From this, I have to recover unique users like this and give them a unique id to identify.

User1 -> (val1 : e1, e2, e3 | val2: m1, m2)

e1 <-> m1, e1 <-> m2, m1 <-> e3, e2 <-> m2 ( <-> means linked).

e1 is connected to m1.

e1 is connected to m2.

m2 is connected to e2.

So e1,m1 are connected to e2.

Similarly, we find e1, e2, e3, m1, m2 all are linked. We need to identify these chains.


User2 -> (val1 : e4, e5 | val2: m3, m4, m5)

I have written two queries based on grouping my val1 and then by val2 separately and joining them in code (Java).

I want this to do this directly in MySQL/BigQuery query itself as we are building some reports on this.

Is this possible in a single query? Please help.

Thank you.

Update :

Desired output -

[
 { 
   id : user1,
   val1 : [e1, e2, e3],
   val2 : [m1, m2]
 },
 { 
   id : user2,
   val1 : [e4, e5],
   val2 : [m3, m4, m5]
 }
]

or

id | val1  | val2 | UUID
------------------------
1  |   e1  |   m1 | u1
2  |   e1  |   m2 | u1
3  |   e2  |   m2 | u1
4  |   e3  |   m1 | u1
5  |   e4  |   m3 | u2
6  |   e5  |   m3 | u2
7  |   e5  |   m4 | u2
8  |   e4  |   m5 | u2

To make it simple, assuming values of val1 and val2 are nodes and are connected if present in the same row.

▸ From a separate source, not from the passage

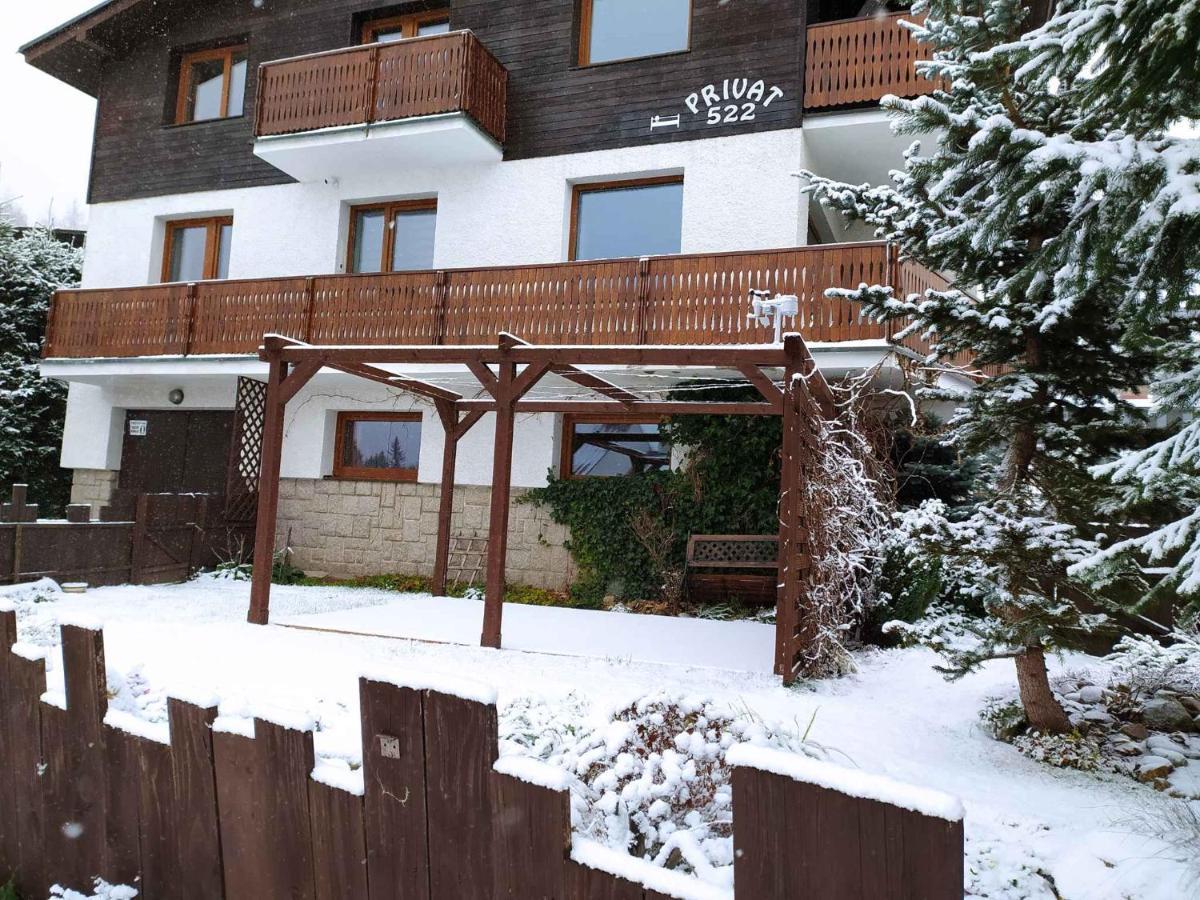 Apartment Harrachov/Riesengebirge 2400 Eksteriør billede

The rows of the table form graphs (user1, user2) and we need to identify these graphs.

解决方案

Wanted to jump-in with option of solving your task with pure BigQuery (Standard SQL)

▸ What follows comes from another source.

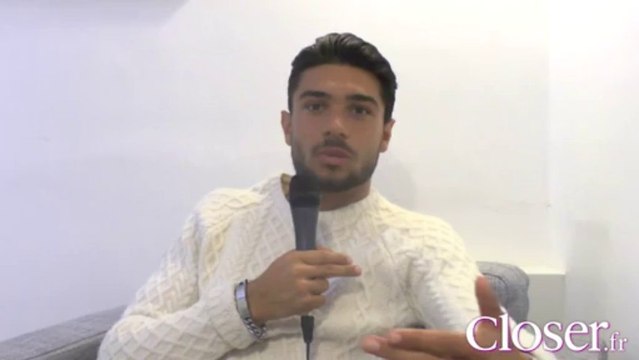 Julien de Secret Story 7 : Mon meilleur souvenir? Mon premier baiser avec Anaïs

Pre-requisites / assumptions: source data is in sandbox.temp.id1_id2_pairs
You should replace this with your own or if you want to test with dummy data from your question - you can create this table as below (of course replace sandbox.temp with your own project.dataset)


Make sure you set respective destination table

Note: you can find all respective Queries (as text) at the bottom of this answer, but for now I am illustrating my answer with screenshots - so all is presented - query, result and used options

So, there will be three steps:

Step 1 - Initialization

Here, we just do initial grouping of id1 based on connections with id2:

As you can see here - we created list of all id1 values with respective connections based on simple one-level connection through id2

Output table is sandbox.temp.groups

Step 2 - Grouping Iterations

In each iteration we will enrich grouping based on already established groups.
Source of Query is output table of previous Step (sandbox.temp.groups) and Destination is the same table (sandbox.temp.groups) with Overwrite

We will continue iterations till when count of found groups will be the same as in previous iteration

Note: you can just have two BigQuery Web UI Tabs opened (as it is shown above) and without changing any code just run Grouping and then Check again and again till iteration converge

(for specific data that I used in pre-requisites section - I had three iterations - first iteration produced 5 users, second iteration produced 3 users and third iteration produced again 3 users - which indicated that we done with iterations.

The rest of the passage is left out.